While struggling with mental illness is hard, it’s no cake walk for those who love someone with mental illness. They love us. They sacrifice for us. They hurt for us. And we love them for it! We appreciate every act of kindness even when we don’t show it or are so wrapped up in our own pain it seems like there’s no space to give back. So, this information is for those that love us:
We’re trying!
It may not seem like it all the time but we really are trying. Look at the direction we’re headed not the milestone we’ve reached. It can be hard when you look only at the external results rather than trying to understand the internal struggle. You may never completely understand our struggle or what we’re going through. And while you will never understand us fully, we may never understand you, either. We may never realize how much your heart breaks to see us in pain. How you want more for us and just don’t understand why we SEEM to not want it for ourselves.
Indra Nooyi, CEO of Pepsi Co, speaks of assuming positive intent. This is vitally important when dealing with someone with a mental illness. Assume we are trying. Assume we want to succeed. I know there are people who look at those of us who struggle and think of us as lazy. Or wanting to take advantage – game the system. It’s not true. I’m sure there are a few people out there who may fit the description – there always are – but, for most of us, it simply isn’t true or fair. We are trying our best to be well. We are trying our best to be successful. We don’t want to lay in bed all day we simply have no strength to do otherwise.
The decisions we make to try and get well are very complex decisions and each person must make it for themselves.
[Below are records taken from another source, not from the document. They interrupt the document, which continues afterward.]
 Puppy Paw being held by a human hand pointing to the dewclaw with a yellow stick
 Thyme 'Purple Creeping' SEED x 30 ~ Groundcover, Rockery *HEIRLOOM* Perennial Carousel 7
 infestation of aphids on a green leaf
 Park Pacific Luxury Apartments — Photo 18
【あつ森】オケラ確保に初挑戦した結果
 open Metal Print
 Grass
The caregiver or loved one needs to understand the complexity of the choices but please, give those of us battling our demons the benefit of the doubt. Understand that just because we aren’t making the choices you think we should make, doesn’t mean that our choices are invalid.
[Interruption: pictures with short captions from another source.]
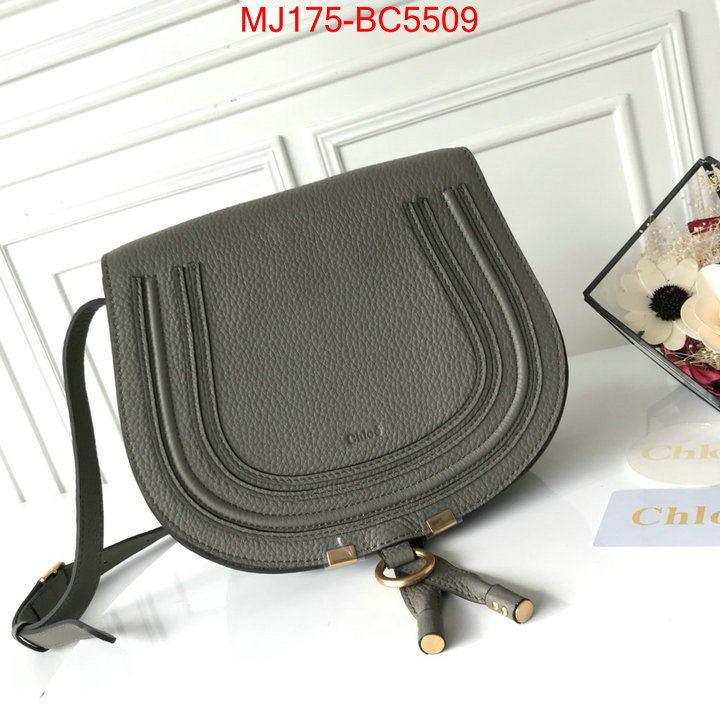 Chloe Bags(TOP)-Diagonal practical and versatile replica designer ID: BC5509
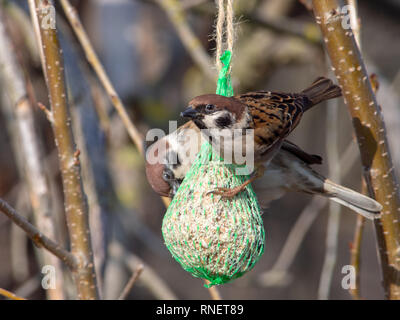 Eurasian Tree Sparrows (Passer montanus) feeding on the a ball hanged on a tree Stock Photo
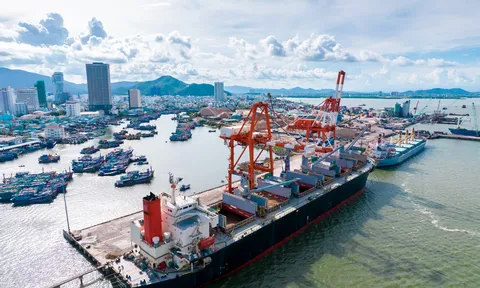 Cảng Quy Nhơn (QNP) báo lãi tăng gần 30%, nhưng dòng tiền kinh doanh vẫn âm hơn 66 tỷ đồng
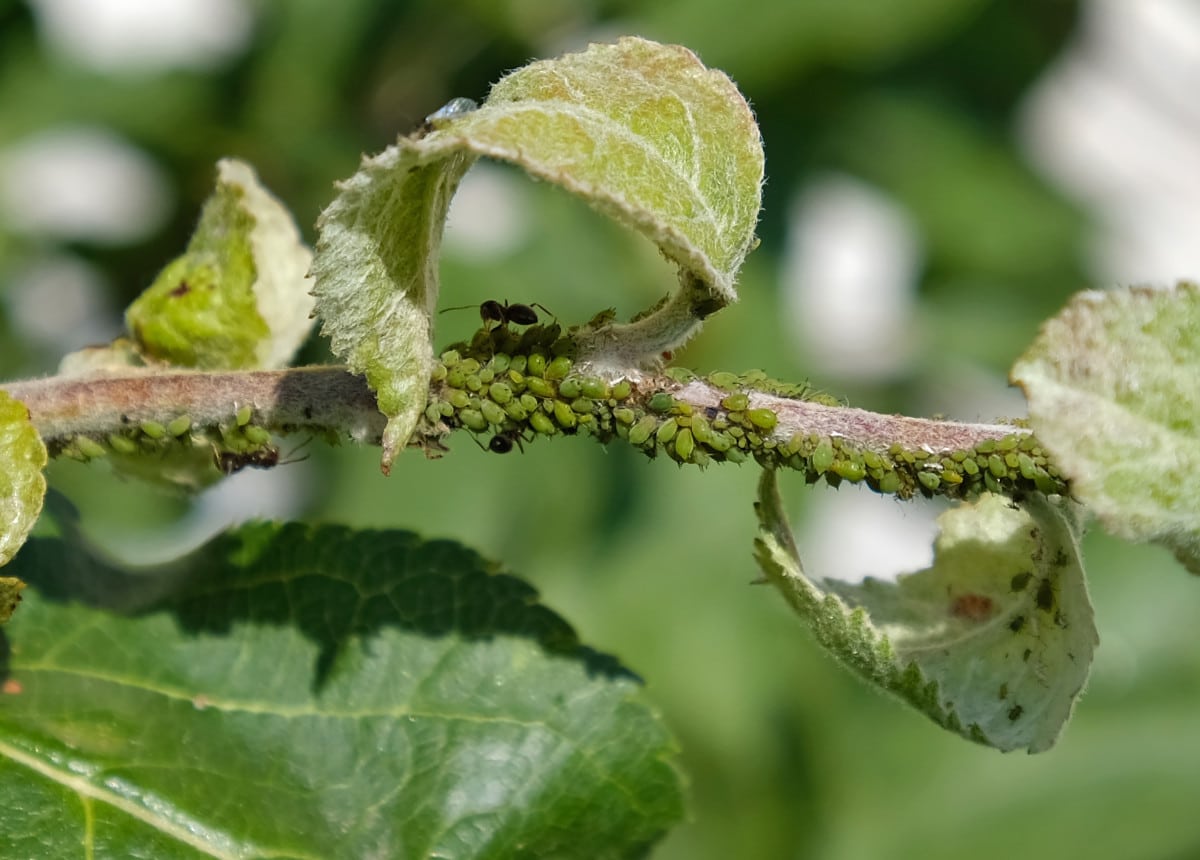 Gros plan d'une colonie de pucerons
I know what you’re thinking. I know you are so frustrated. “Why won’t ______ just take their meds?!!!” It’s because it’s just not that simple. Whether it’s the lure of a manic episode, the denial of a depressive one, or the fear of the very real side effects, getting out of the storm is never easy. Being healthy is so hard. It is totally worth every struggle but until you are out, it’s so hard to see.
Everyone needs to own their own issues.
There is a difference between helping and enabling. Helping is doing something for someone else that they could not do on their own. Enabling is when you do something for someone else that they could (and should) be doing for themselves. By allowing the person who is struggling to own their own issues, you are empowering them to take control over their own lives. If you are the one struggling, understand that those around you have to take responsibility for their choices as well. You are not a “burden”. They choose to take care of you. If they are unhappy, that is their responsibility, not yours.
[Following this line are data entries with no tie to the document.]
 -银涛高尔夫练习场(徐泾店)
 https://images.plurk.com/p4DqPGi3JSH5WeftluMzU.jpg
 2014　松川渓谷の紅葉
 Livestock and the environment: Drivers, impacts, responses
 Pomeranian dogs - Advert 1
We appreciate what you do for us but wish you didn’t have to do it.
Guilt can distort appreciation. There are various reactions we, as a person struggling, may have towards our caretaker. While we appreciate everything you do, we may feel so guilty that it makes us angry and sometimes that anger may get misdirected. We may strike out at you, the person we’re closest to. Or, we may feel so indebted that we feel we cannot possibly ever repay you so why even try. While these are issues and behaviors that need to be addressed, understand that the appreciation may be there, even if it's buried.
You can’t save us.
This is the hardest thing to accept but it is a reality. For all the help you provide, for all the work you do, there are no guarantees. The right med may not be found. The lure of mania may be too strong. The storms may have been raging so severely, for so long, that you – all of you – may be beaten down and ready to give up. I’ll say it again and again: DON’T GIVE UP! Rest if you have to but don’t give up. Unfortunately, all the love and caring in the world may not be enough to work miracles so protect yourself. Ultimately, the future is not in your hands, only your ability to influence.
Thank you
This is the most important thing for those taking care of someone to hear: THANK YOU! To those caring for others thank you! Thank you for your sacrifice and your love. Thank you for the time and energy you invest. We ask only one more thing. It may seem like a lot. It may seem like more than you want to offer but we need you to give it to us. Give us your trust. Give us your faith. Let us know you believe that we are trying and will succeed in getting well.